Thursday, May 15, 2008

Spygate Questions

I feel I've made a strong case for the limits of the impact of the Patriots signal taping, but seeing as the topic won't seem to die, let me leave five questions that those who think this is still a big deal and think that the Patriots gained a significant advantage through the taping of signals need to answer.

1- How much more effective (in terms of learning opponents signals) is taping and studying those signals when compared with in-game observation and note taking?

2- How often is the use of opponents signals actually utilized in game situations?

3- What are the odds that the same play calls would have been made with information obtained through conventional methods of studying defenses? What are the odds that the same play call would have been made based on pure luck?

4- How much credence would a play caller put into stolen signals?

5- How important a factor is execution relative to play calling?

It's not that you literally need to answer the questions, but you need to at least intellectually grapple with them before jumping to conclusions.

I'll chalk this up to a Madden (as in the video game) view of the football world. Maybe some of us can imagine playing Madden and how well we'd do if we knew the defense on the field. But real football isn't Madden and knowing your opponent's coverage doesn't do you a damn bit of good if your linemen can't block the man in front of them and your quarterback can't put the ball exactly where it's supposed to be.

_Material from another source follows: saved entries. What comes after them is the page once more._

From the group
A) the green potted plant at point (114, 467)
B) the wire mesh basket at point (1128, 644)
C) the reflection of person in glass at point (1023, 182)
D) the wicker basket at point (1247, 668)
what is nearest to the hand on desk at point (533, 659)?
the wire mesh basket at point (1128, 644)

Yes, I have no doubt the Patriots gained advantages through their signal stealing. But I do doubt those who are willing to blow the story into something bigger without even bothering to examine the implications of their statements.


Anonymous b.rose said...

A response to the "madden point of view":

All three of the people you're discussing this with have played football. I believe Mac played from when he was young til midway through H.S., pete played from midgets through H.S. and I played DB through H.S. and a year at UConn, where I actually had the advantage of learning how defensive calls really are made at a high level of football and how offenses try to call route combos to take advantage of coverages. Quite different than h.s. as you could imagine, which is where, I assume your first hand experience with football ends(doesn't mean you don't know football, just means you shouldn't stick us w/ the tag of understanding football through video games only). So I can feel where you're coming from with the madden perspective idea, but it doesn't hold much water when you're discussing it with three people who understand the difference between the sport and the video game.